A second DIA study said, "shock and pressure waves cause minimal damage
to brain tissue... it is possible that victims of FAEs are not rendered
unconscious by the blast, but instead suffer for several seconds or
minutes while they suffocate."
"The effect of an FAE explosion within confined spaces is immense," said
a CIA study of the weapons. "Those near the ignition point are
obliterated. Those at the fringe are likely to suffer many internal, and
thus invisible injuries, including burst eardrums and crushed inner ear
organs, severe concussions, ruptured lungs and internal organs, and
possibly blindness."
British defense officials told the UK Guardian that British bombs were
"different."
"They are optimized to create blast [rather than heat]", one said,
speaking on the standard condition of anonymity in Britain.

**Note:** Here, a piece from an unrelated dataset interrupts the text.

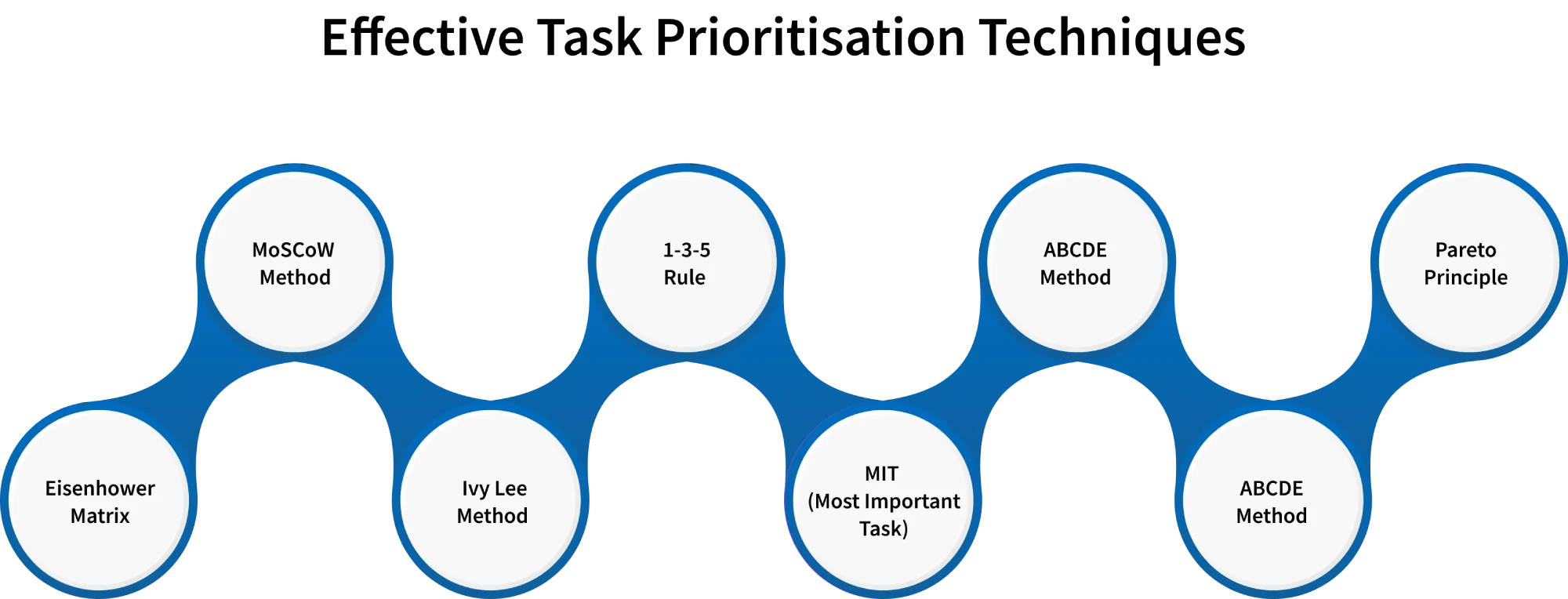 task prioritisation techniques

The official
added that it would be misleading to call them "thermobaric."
Officials told the Guardian the new weapon was classified as a soldier
launched "light anti-structure munition" and that the bombs would be
more effective because "even when they hit the damage is limited to a
confined area."
"The continuing issue of civilian casualties in Afghanistan has enormous
importance in the battle for hearts and minds," said Liberal Democrat
leader Sir Menzies Campbell in the article. "If these weapons contribute
to the deaths of civilians then a primary purpose of the British
deployment is going to be made yet more difficult."
According to Campbell, the deployment of the weapons was not announced
to Parliament.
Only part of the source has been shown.